[Start of section]

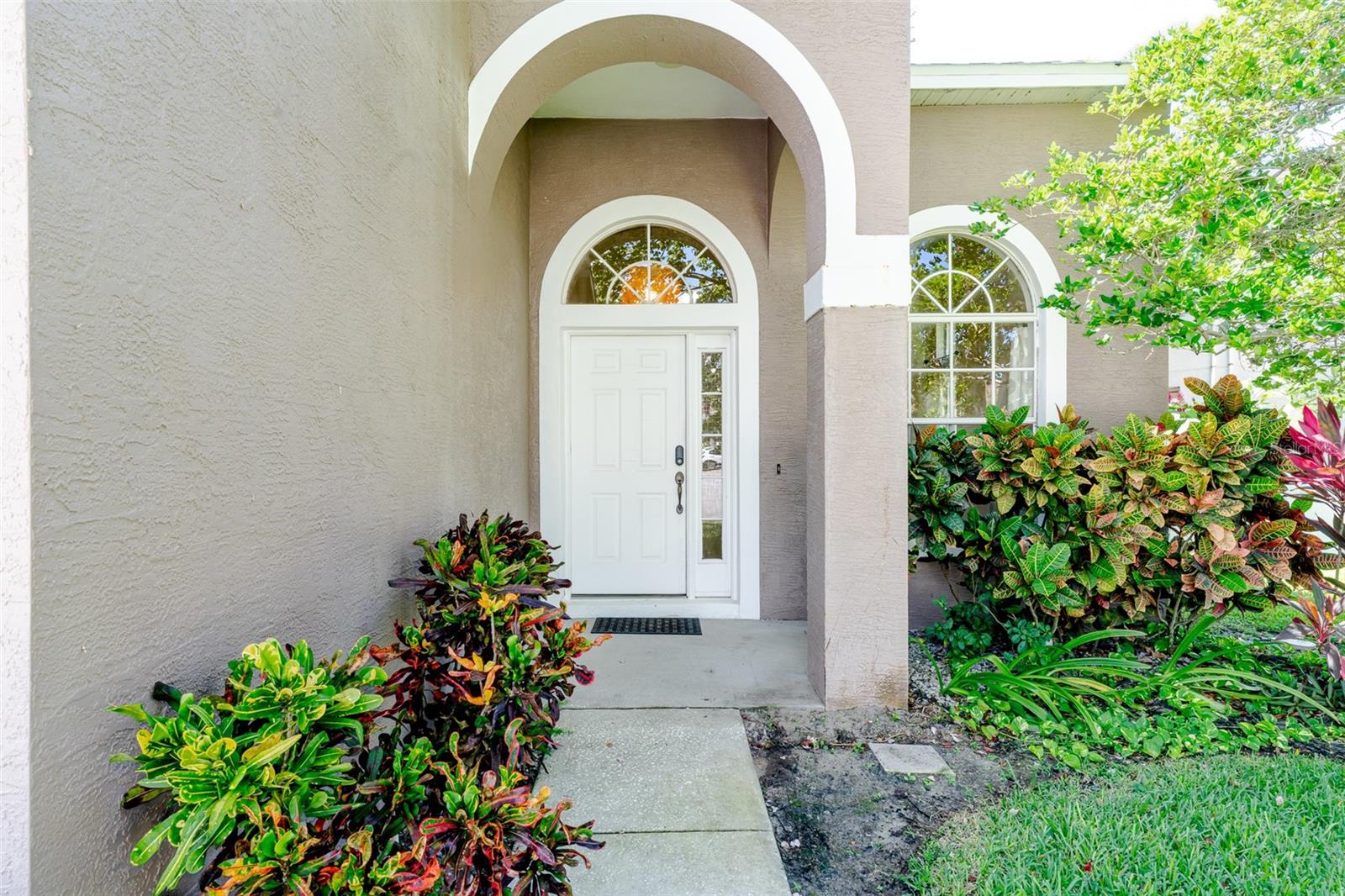 1120 BLUFFS CIRCLE
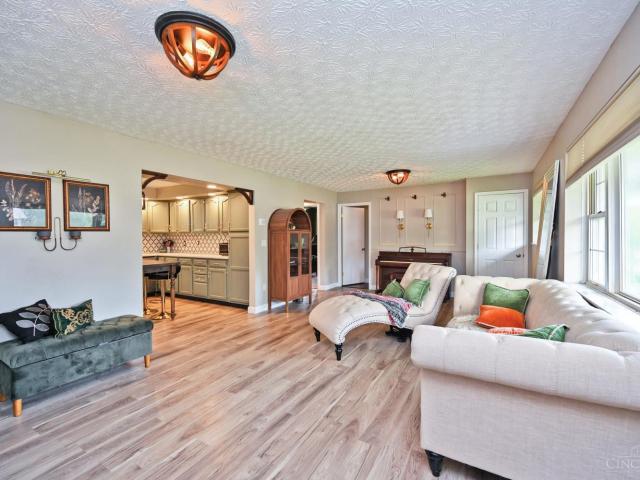 4043 Beavercreek Circle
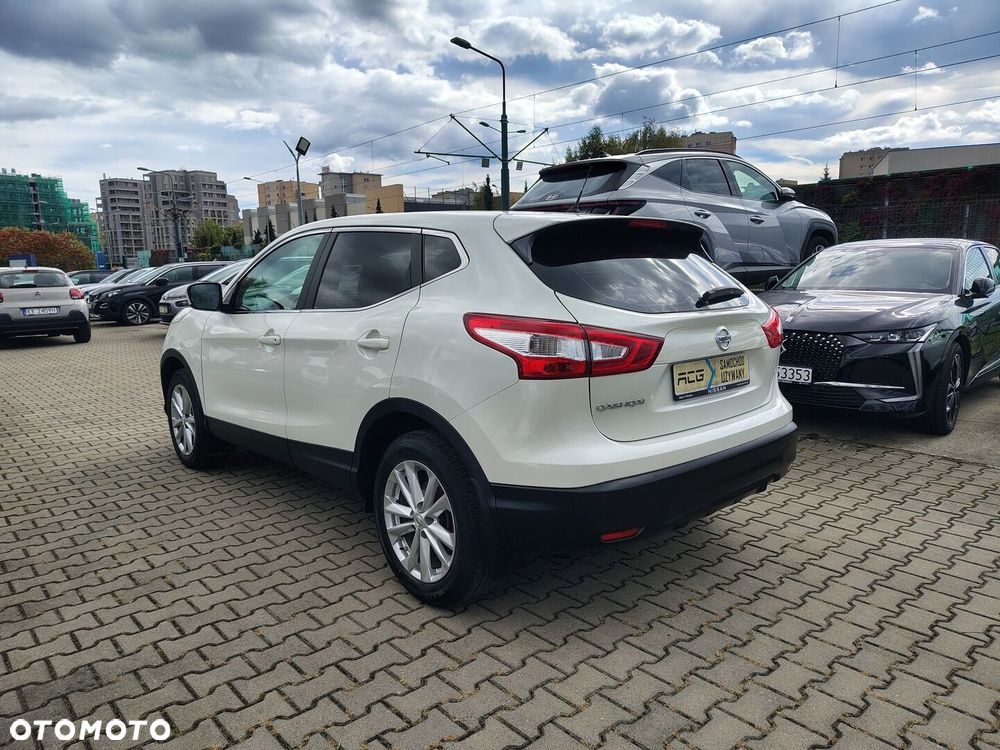 Nissan Qashqai - 4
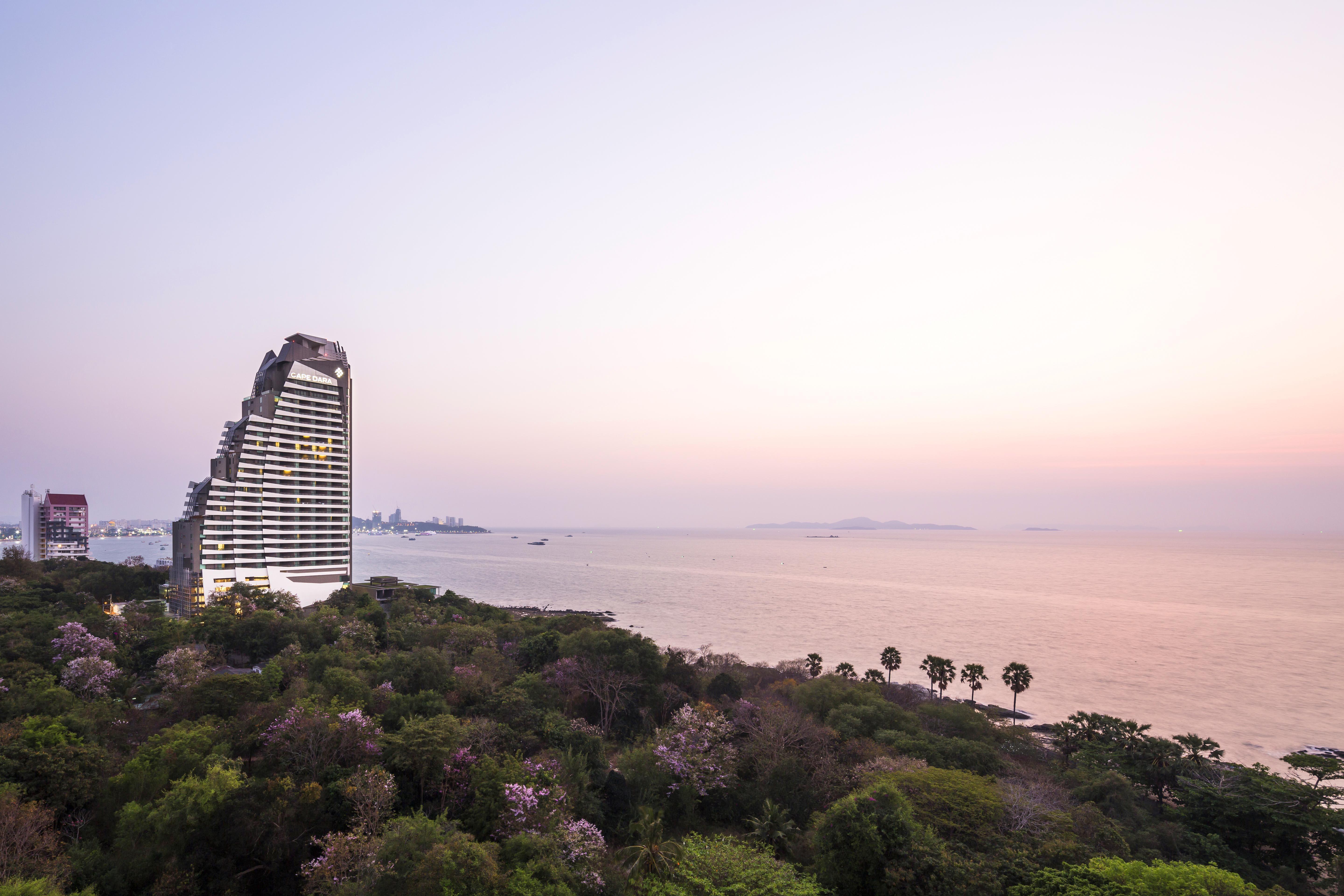 Cape Dara Resort Патая Екстериор снимка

[End of section]

* _Your instructions_:
Give back an exact copy of only the lines from the one with "4043 Beavercreek Circle" through the final line of the material, both included. Pictures do not belong in it.

* _Solution to this exercise_:
 4043 Beavercreek Circle
 Nissan Qashqai - 4
 Cape Dara Resort Патая Екстериор снимка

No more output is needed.